PROMPT -> Pictures in the listing do not belong in the copy, which should repeat exactly the lines from the one holding "Induction, Stainless Steel" through the last line.

COLLECTED MATERIAL ->
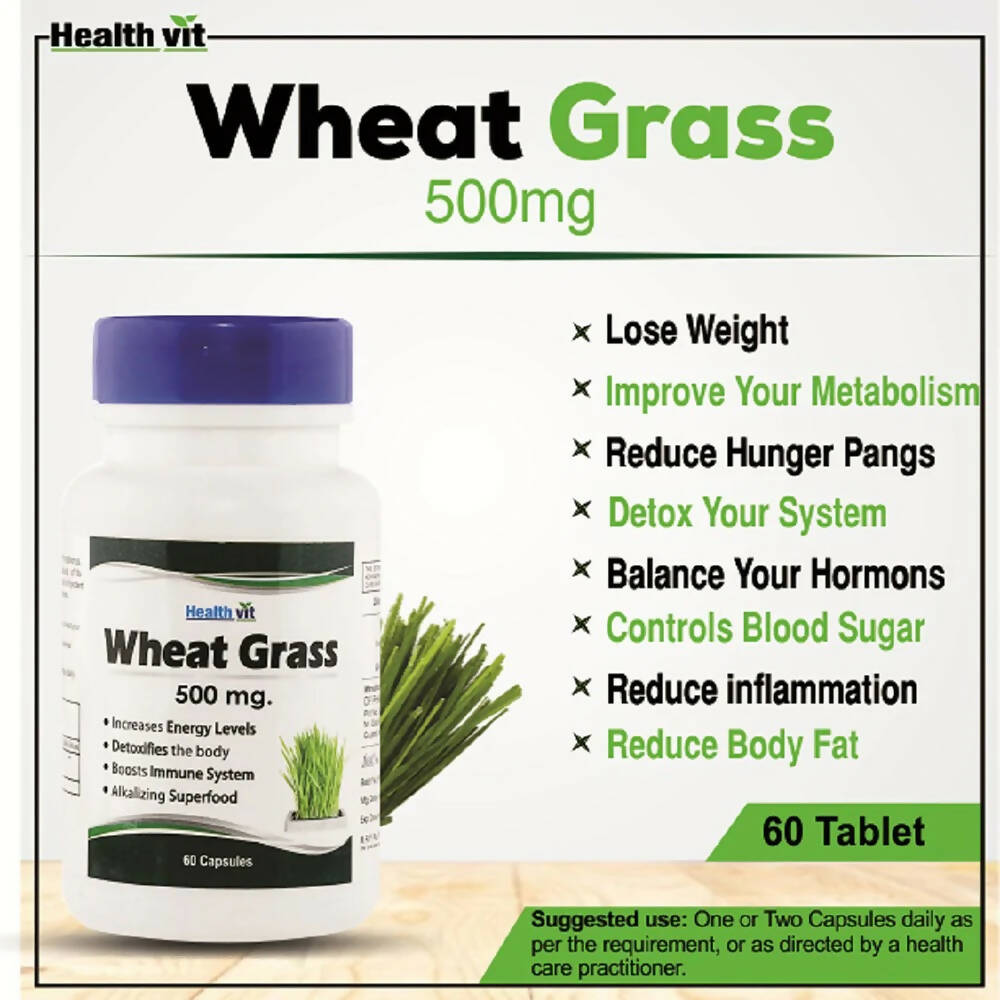 Healthvit Wheat Grass Capsules - Distacart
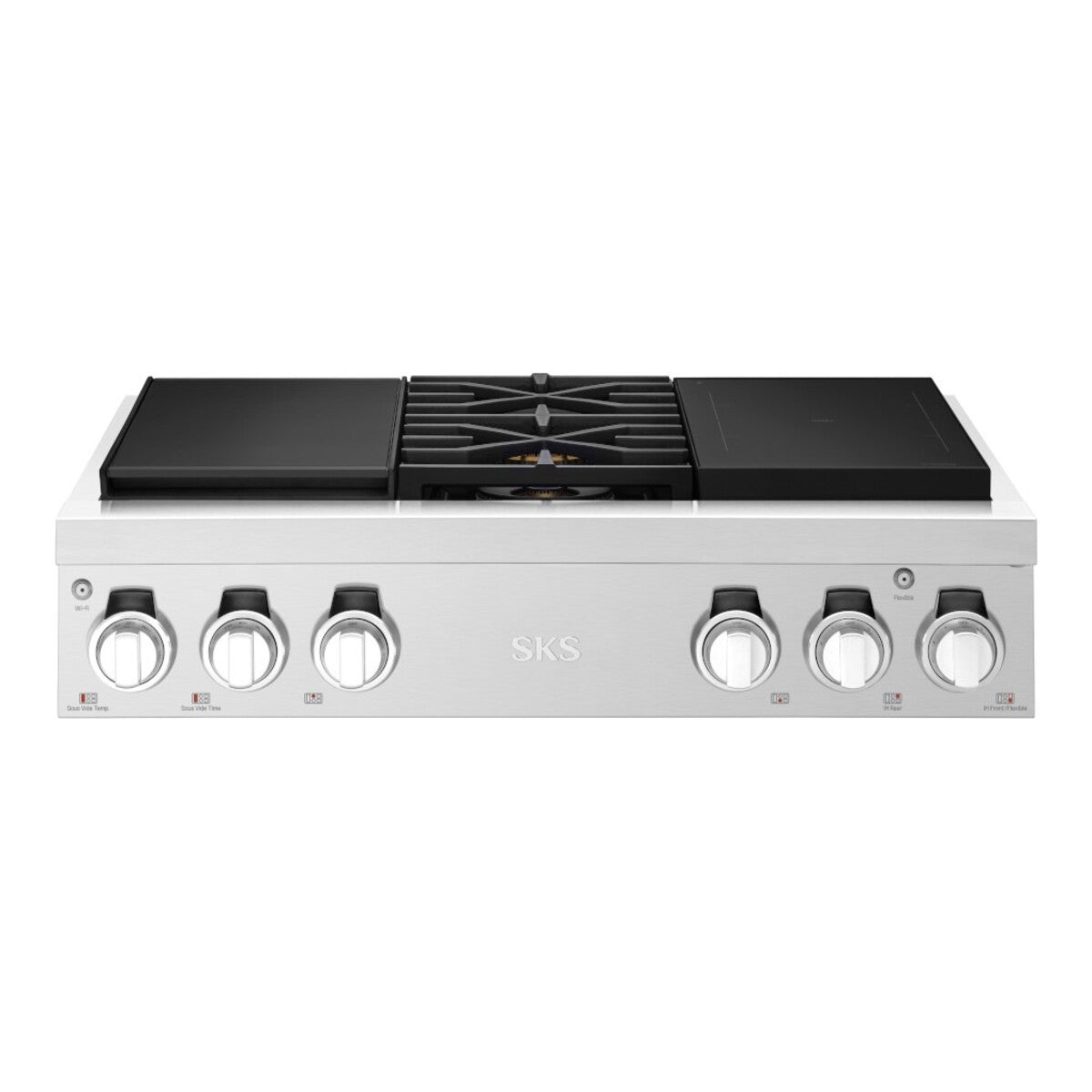 SKS SKSRT360SIS 36" Dual-Fuel Pro Rangetop with Sous Vide and Induction, Stainless Steel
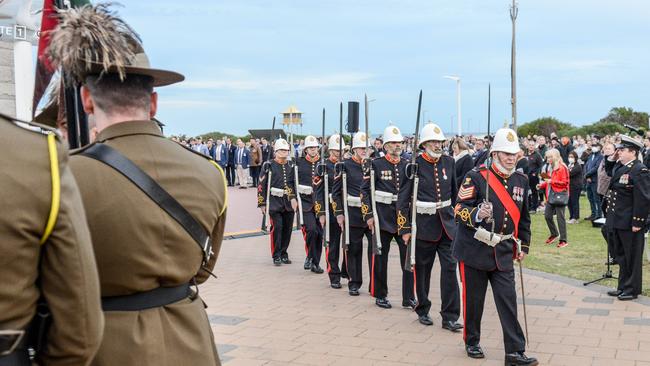 Fort Glanville Historical Association at the Anzac Day Dawn Service at Semaphore. Picture: Brenton Edwards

ANSWER TO THIS TASK ->
 SKS SKSRT360SIS 36" Dual-Fuel Pro Rangetop with Sous Vide and Induction, Stainless Steel
 Fort Glanville Historical Association at the Anzac Day Dawn Service at Semaphore. Picture: Brenton Edwards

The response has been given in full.